GIZ NLP Agricultural Keyword Spotter
$7,000 USD
Classify audio utterances in Luganda and English from Uganda
476 data scientists enrolled, 139 on the leaderboard
11 September—29 November
Ends in 30 days
Rules clarification - Additional datasets
published 10 Oct 2020, 12:15
edited 12 minutes later

the rules say "You may use only the datasets provided for this competition" but participants can use pretrained weights e.g "Imagenet". If I first train my model on not allowed (public) dataset and use the result as a checkpoint, will it be a rule violation?

I am sorry for my ignorance. This is my first competition on this platform

I was also asking myself the same question but i guess the answer is: yes it will be a rule violation .

The rules aren't that clear! I think that training on other public audio datasets just to get a pretrained model for this task is okay because pretrained weights like imagenet are used. But, merging a public dataset with this dataset to train your final model results in disqualification. Am I correct ??

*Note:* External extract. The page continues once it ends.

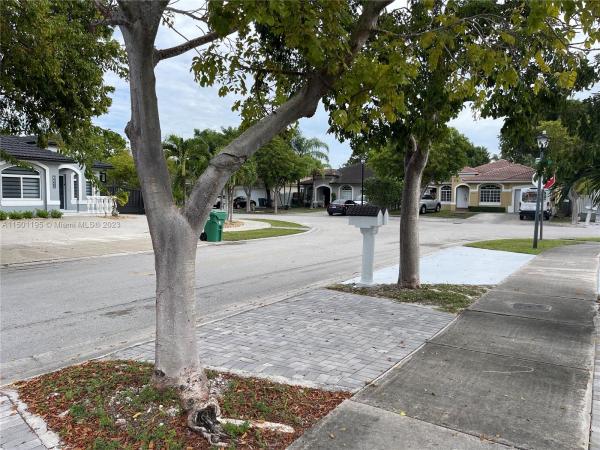 North Palm Estates, 7734 NW 200th St, Hialeah, Florida 33015, image 3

But may be you should share the pretrained weights with evereyone. Like open source it.

Zindi needs to confirm. I am not sure.

With image classification, models pre-trained on imagenet are somewhat of a standard, and often built into popular libraries. For audio there isn't an exact equivalent.

Obviously, we don't want a situation where someone wins because of access to something the other participants didn't have. So in general sourcing, an extra dataset (even a public one) and using that to get an edge would be a potential issue. But if you have a dataset (or even better a pretrained model) in mind that you think would help all entrants, and it's public+free, let us know and we can see about adding it as an allowed source.